For me the antenna issue is significant. After dropping several calls I stuck some black electrical tape over the corner of the phone which seems to have somewhat fixed it. Coverage inside my home in the middle of Dallas is horrible for both AT&T and Sprint.

The iPhone’s FM radio chip isn’t enabled, so I was pleased when I saw FM radio as a built-in app on the EVO, but disappointed when I fired it up and discovered that it needed a headset to be plugged in to act as an antenna. Modern FM chips should work with internal antennas. In any case, the killer app for FM radio is on the transmit side, so you can play music from your phone through your car stereo. Neither phone supports that yet.

So on the plus side, the EVO’s compelling advantage is the screen size. On the negative side, it is bulkier, the battery life is less, the software experience isn’t quite so polished.

The bottom line is that the iPhone is no longer in a class of its own. The Android iClones are respectable alternatives.

It was a tough decision, but I ended up sticking with the iPhone.

VoIP over the 3G data channel comes to the iPhone

I discussed last September how AT&T was considering opening up the 3G data channel to third party voice applications like Skype. According to Rethink Wireless, Steve Jobs mentioned in passing at this week’s iPad extravaganza that it is now a done deal.
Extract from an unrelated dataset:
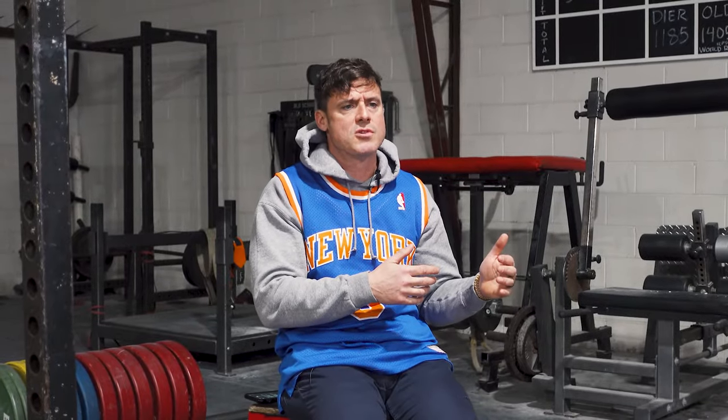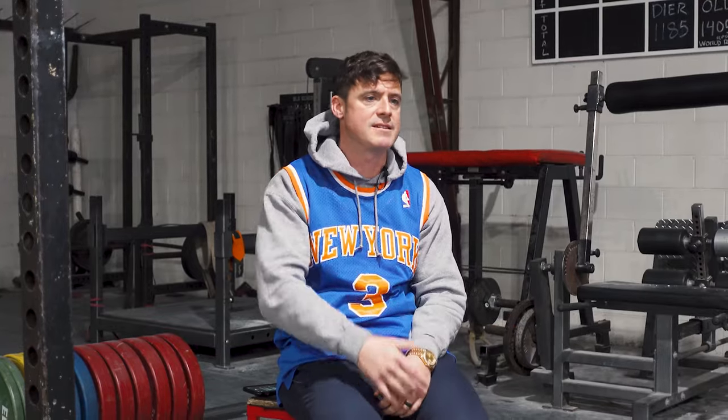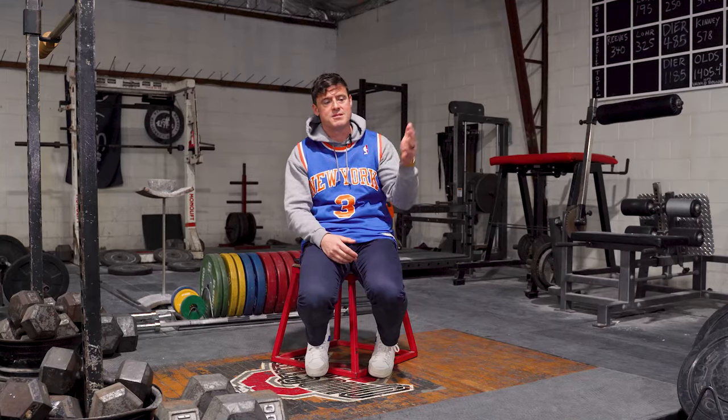The equipment that you need for Cardio Shreds is pretty simple. I try to make it super basic and effective. You need a treadmill, you need a band, you need some dumbbells, and you need your body weight, and then you can perform any of the Cardio Shreds workouts, which really can be done anywhere.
Rethink mentions iCall and Skype as beneficiaries. Another notable one is Fring. Google Voice is not yet in this category, since it uses the cellular voice channel rather than the data channel, so it is not strictly speaking VoIP; the same applies to Skype for the iPhone.

According to Boaz Zilberman, Chief Architect at Fring, the Fring iPhone client needed no changes to implement VoIP on the 3G data channel. It was simply a matter of reprogramming the Fring servers to not block it. Apple also required a change to Fring’s customer license agreements, requiring the customer to use this feature only if permitted by his service provider. AT&T now allows it, but non-US carriers may have different policies.

Boaz also mentioned some interesting points about VoIP on the 3G data channel compared with EDGE/GPRS and Wi-Fi. He said that Fring only uses the codecs built in to handsets to avoid the battery drain of software codecs. He said that his preferred codec is AMR-NB; he feels the bandwidth constraints and packet loss inherent in wireless communications negate the audio quality benefits of wideband codecs. 3G data calls often sound better than Wi-Fi calls – the increased latency (100 ms additional round-trip according to Boaz) is balanced by reduced packet loss. 20% of Fring’s calls run on GPRS/EDGE, where the latency is even greater than on 3G; total round trip latency on a GPRS VoIP call is 400-500ms according to Boaz.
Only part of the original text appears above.